__Dataset records__
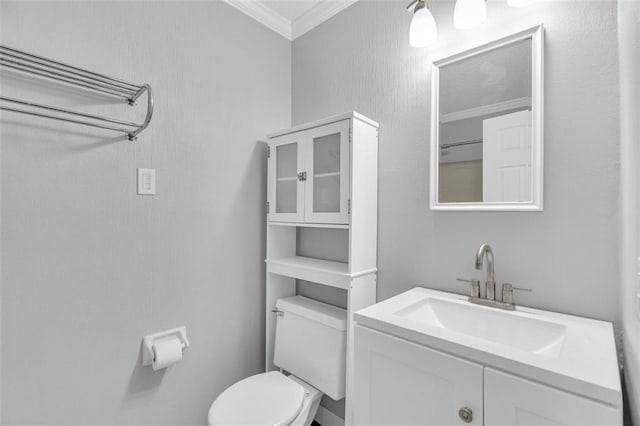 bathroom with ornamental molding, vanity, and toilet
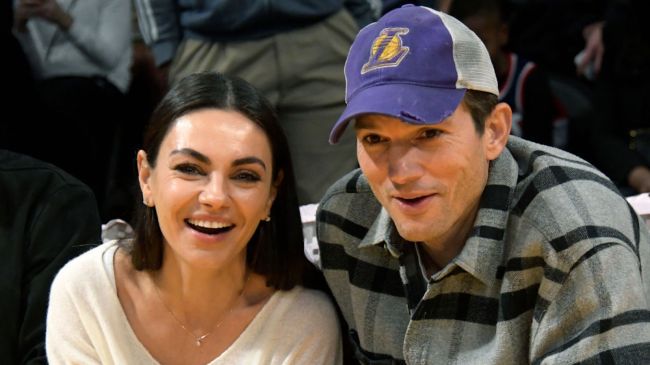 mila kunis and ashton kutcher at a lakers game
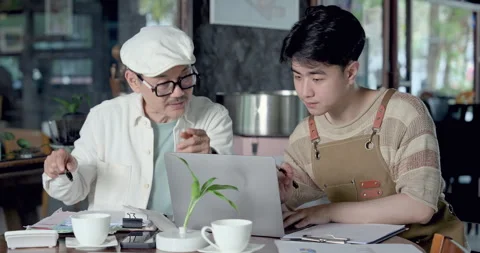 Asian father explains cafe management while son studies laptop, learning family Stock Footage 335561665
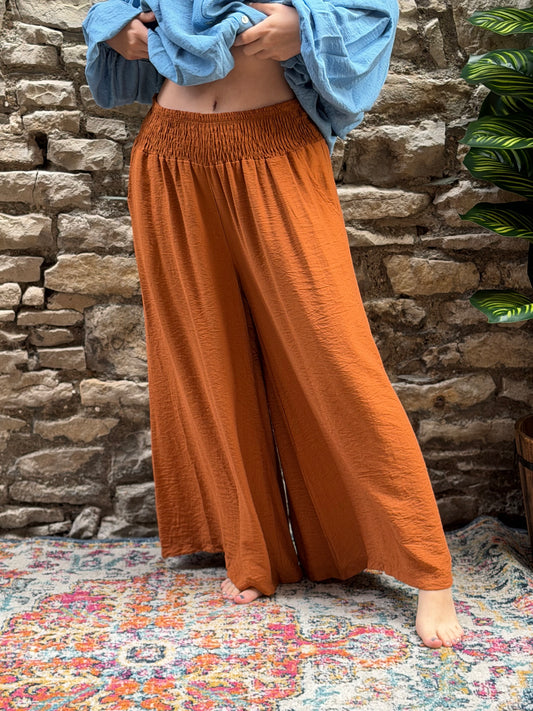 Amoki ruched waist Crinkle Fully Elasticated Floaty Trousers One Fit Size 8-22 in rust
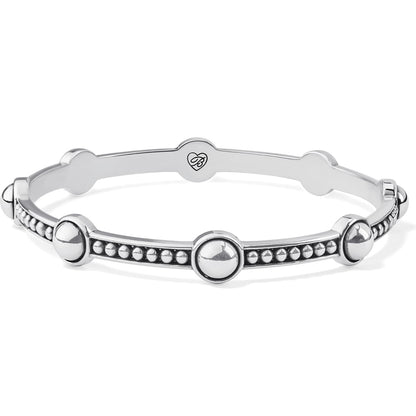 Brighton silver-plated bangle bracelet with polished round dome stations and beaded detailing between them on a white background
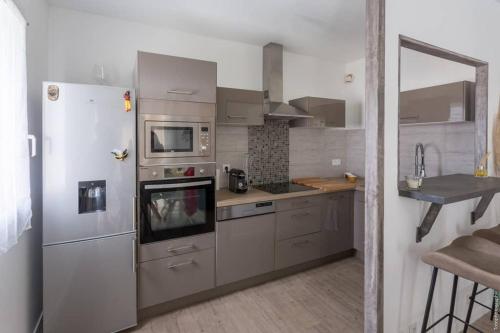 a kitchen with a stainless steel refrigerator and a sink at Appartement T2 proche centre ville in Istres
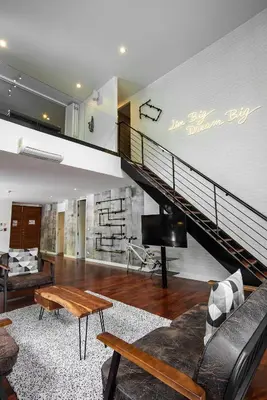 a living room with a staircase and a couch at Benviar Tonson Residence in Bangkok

* * *

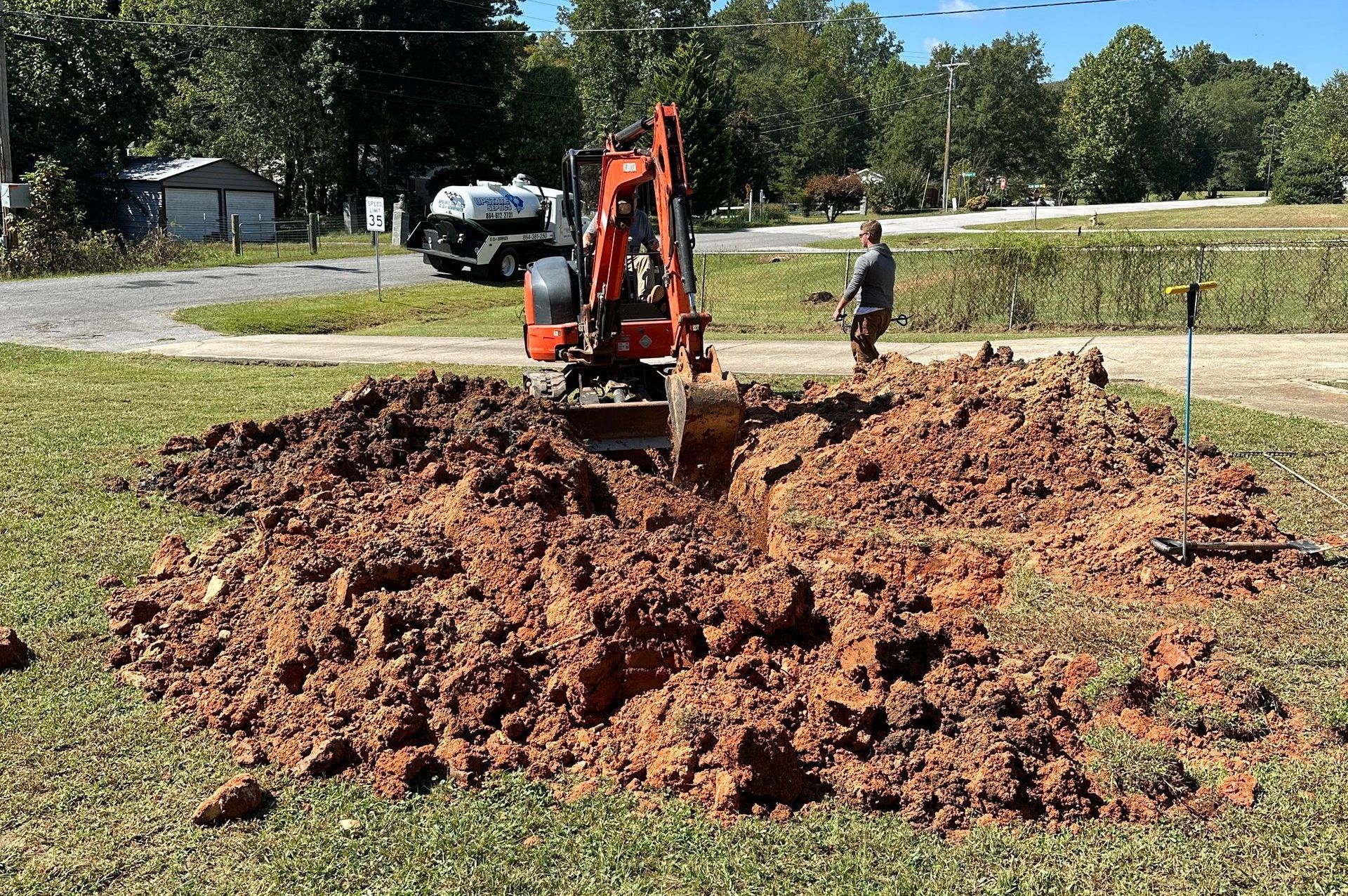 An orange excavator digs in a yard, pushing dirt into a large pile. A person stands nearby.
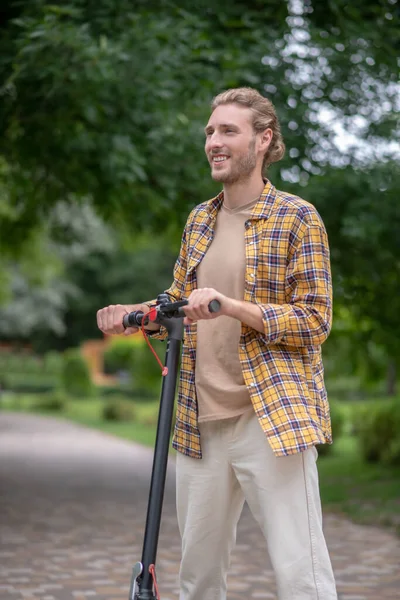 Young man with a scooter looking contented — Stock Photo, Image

__Exercise requirements__
Copy the lines above exactly, starting with the line that contains "An orange excavator" and ending with the line that contains "Young man with", and leave out any pictures.

__Written solution__
 An orange excavator digs in a yard, pushing dirt into a large pile. A person stands nearby.
 Young man with a scooter looking contented — Stock Photo, Image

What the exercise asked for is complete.